La Littérature au Mexique vue par Marie-Ange Brillaud

La Littérature au Mexique vue par Marie-Ange Brillaud

Coïncidence de l’actualité, au moment même où le président de la République française est en visite au Mexique, les plus grandes plumes du pays font leurs valises pour passer quelques jours à Paris. En effet, le Salon du Livre ouvre ses portes vendredi prochain pour réserver une place d’honneur à la littérature mexicaine. Des écrivains, parmi les plus lus en Amérique latine, seront présents pour rencontrer un public curieux, mais francophone… Ce n’est pas vraiment une difficulté, puisque des éditeurs se sont fait un devoir de défendre leurs œuvres depuis quelques années sur le marché français de l’édition. C’est pourquoi Le Mague a demandé à Marie-Ange Brillaud, traductrice des meilleurs auteurs mexicains, de nous dresser à grands traits un tableau de cette littérature exotique.

Le MAGue : Quelle sorte de rapport entretenez-vous avec les auteurs mexicains en littérature ?
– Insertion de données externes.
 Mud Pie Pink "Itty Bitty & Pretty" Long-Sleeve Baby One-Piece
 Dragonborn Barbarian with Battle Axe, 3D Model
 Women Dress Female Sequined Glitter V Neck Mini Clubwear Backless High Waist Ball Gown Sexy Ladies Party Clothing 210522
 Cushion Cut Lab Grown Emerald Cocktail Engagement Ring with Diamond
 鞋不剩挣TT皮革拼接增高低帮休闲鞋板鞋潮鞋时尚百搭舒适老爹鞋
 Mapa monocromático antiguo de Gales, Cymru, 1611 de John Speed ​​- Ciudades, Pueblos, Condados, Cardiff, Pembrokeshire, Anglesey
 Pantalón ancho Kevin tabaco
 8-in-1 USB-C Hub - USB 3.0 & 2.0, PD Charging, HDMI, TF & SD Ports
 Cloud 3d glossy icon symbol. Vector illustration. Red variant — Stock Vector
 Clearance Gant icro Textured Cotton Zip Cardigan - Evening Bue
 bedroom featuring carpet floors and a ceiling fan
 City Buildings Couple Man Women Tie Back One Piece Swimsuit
Marie-Ange Brillaud : Premièrement je les lis beaucoup. J’ai traduit en particulier les livres de 3 auteurs mexicains invités au Salon du Livre de Paris : Celorio, Monsiváis et Serna, ainsi que des nouvelles pour L’Atelier du Gué et pour la revue Siècle 21. Je participe aussi au lancement d’une revue mexicaine, Número 0, qui montre son 2ème numéro à cette occasion. Le 1er numéro a paru lors de la semaine mexicaine de Barcelone en 2007. Elle est dirigée par Guadalupe Nettel et Pablo Raphael de la Madrid et co-financée par les éditions Almadía. Cette revue bilingue devrait être trimestrielle, en principe.

Le MAGue : Avez-vous un coup de cœur pour l’un d’entre eux en particulier ?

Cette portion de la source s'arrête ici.